START Records provided

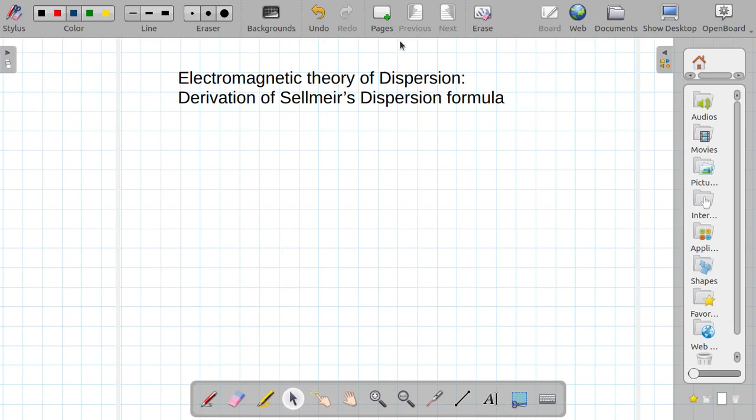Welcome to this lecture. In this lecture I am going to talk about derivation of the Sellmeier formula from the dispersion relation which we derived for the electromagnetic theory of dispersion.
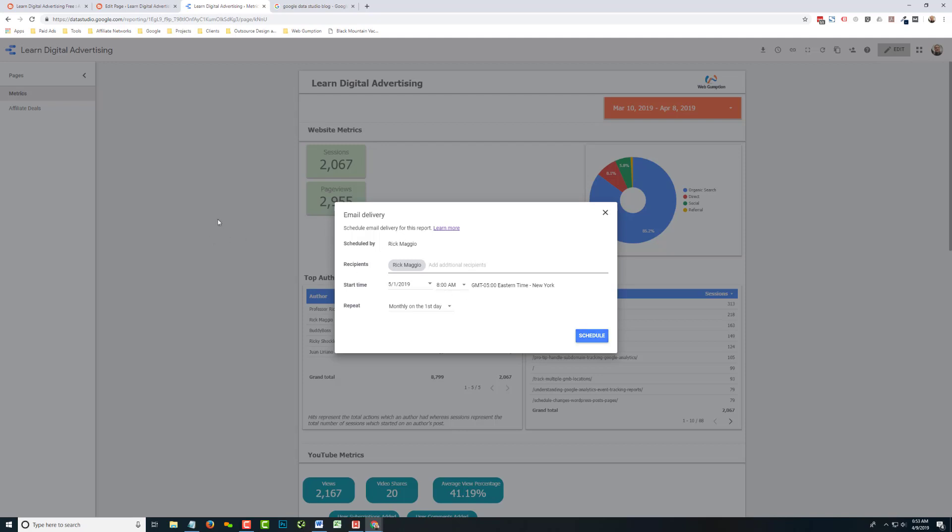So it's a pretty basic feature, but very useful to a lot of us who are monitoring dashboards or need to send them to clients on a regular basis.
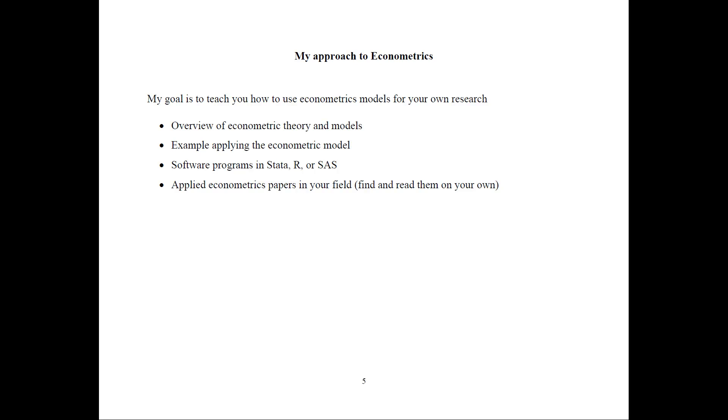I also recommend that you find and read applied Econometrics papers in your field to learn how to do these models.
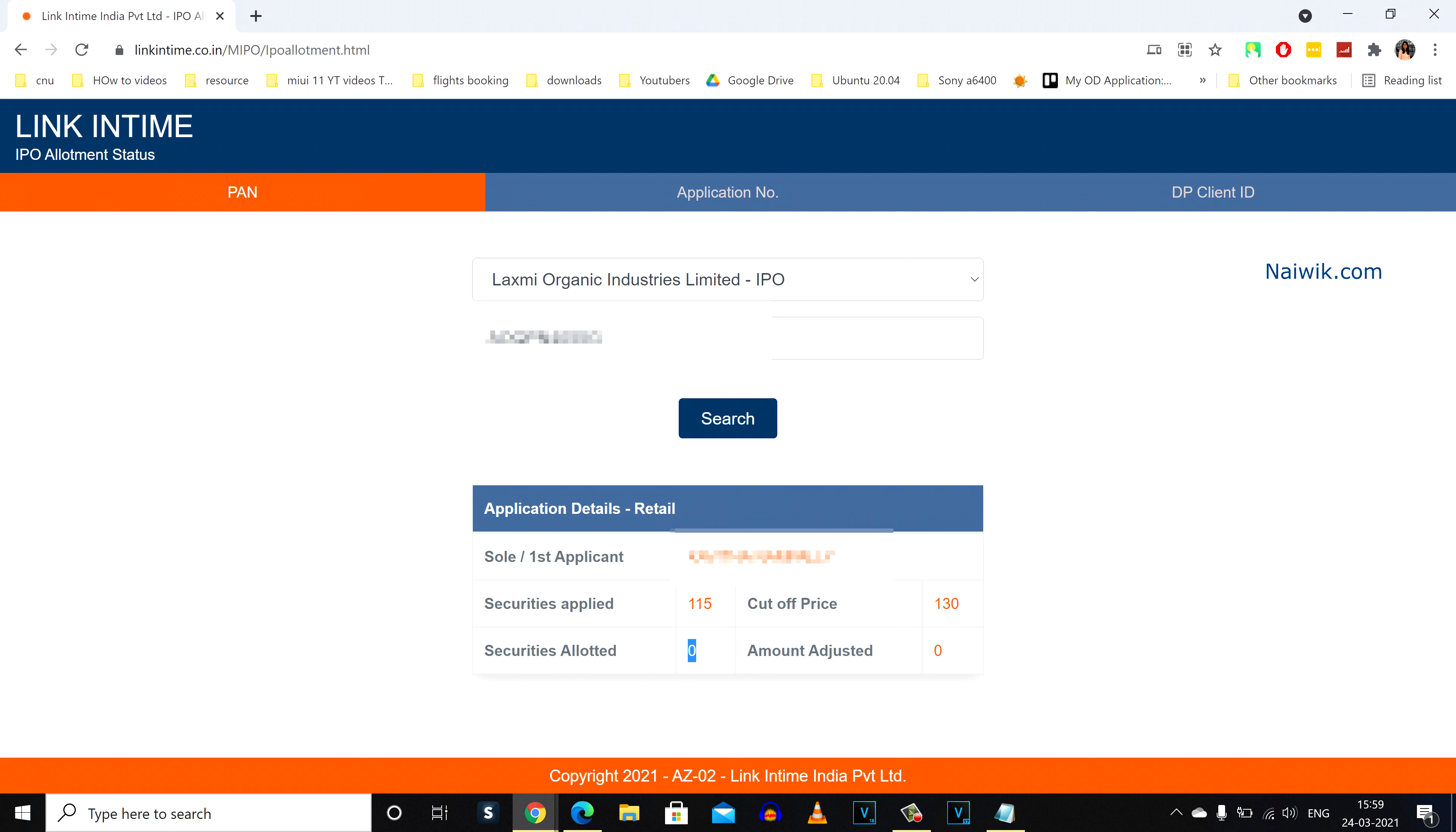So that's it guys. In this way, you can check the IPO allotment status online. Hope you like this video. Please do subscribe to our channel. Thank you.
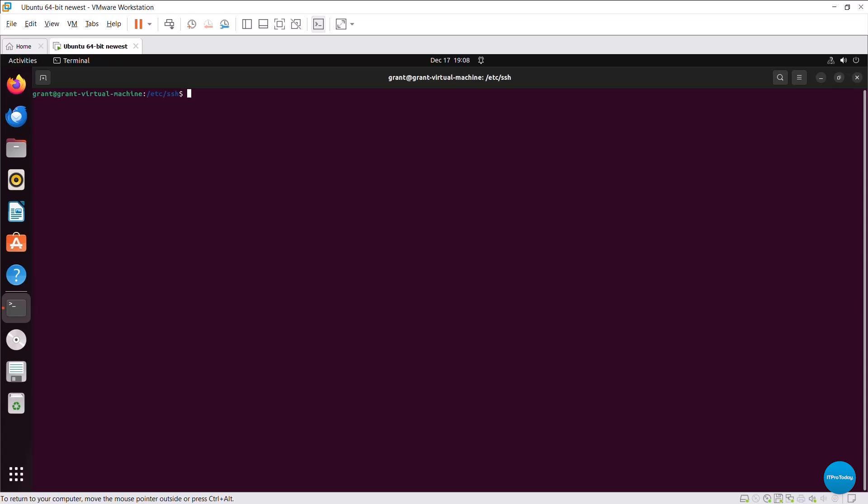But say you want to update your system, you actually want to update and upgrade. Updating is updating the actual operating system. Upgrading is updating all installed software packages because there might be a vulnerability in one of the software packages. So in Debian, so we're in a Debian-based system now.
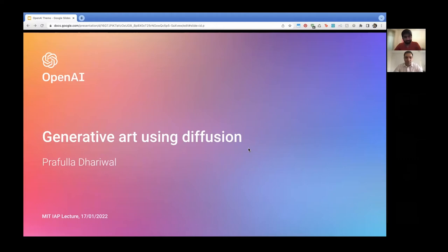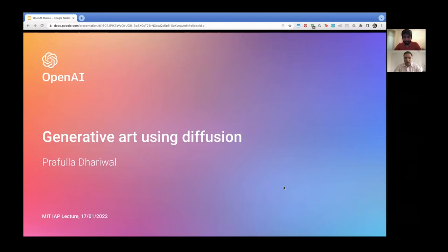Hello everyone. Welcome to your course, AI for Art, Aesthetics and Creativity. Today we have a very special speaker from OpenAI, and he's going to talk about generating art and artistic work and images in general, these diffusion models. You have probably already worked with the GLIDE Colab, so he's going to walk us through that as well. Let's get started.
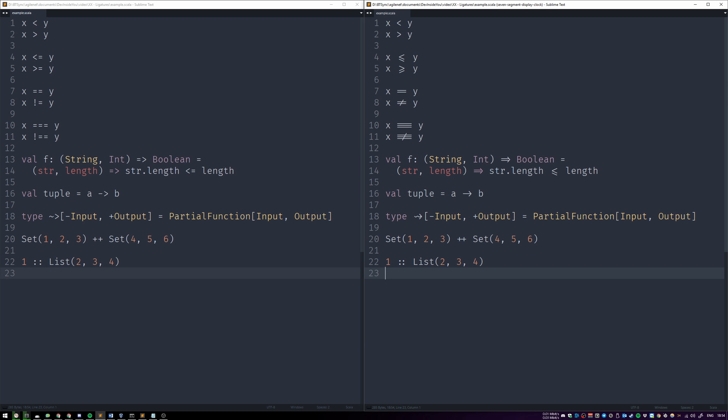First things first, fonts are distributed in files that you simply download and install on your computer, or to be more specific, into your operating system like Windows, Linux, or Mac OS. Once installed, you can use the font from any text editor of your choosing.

END Records provided

Problem to work on: With pictures excluded, reproduce exactly the lines above from the one containing "So it's a pretty" down to the one containing "But say you", those two included.

Response:
So it's a pretty basic feature, but very useful to a lot of us who are monitoring dashboards or need to send them to clients on a regular basis.
I also recommend that you find and read applied Econometrics papers in your field to learn how to do these models.
So that's it guys. In this way, you can check the IPO allotment status online. Hope you like this video. Please do subscribe to our channel. Thank you.
But say you want to update your system, you actually want to update and upgrade. Updating is updating the actual operating system. Upgrading is updating all installed software packages because there might be a vulnerability in one of the software packages. So in Debian, so we're in a Debian-based system now.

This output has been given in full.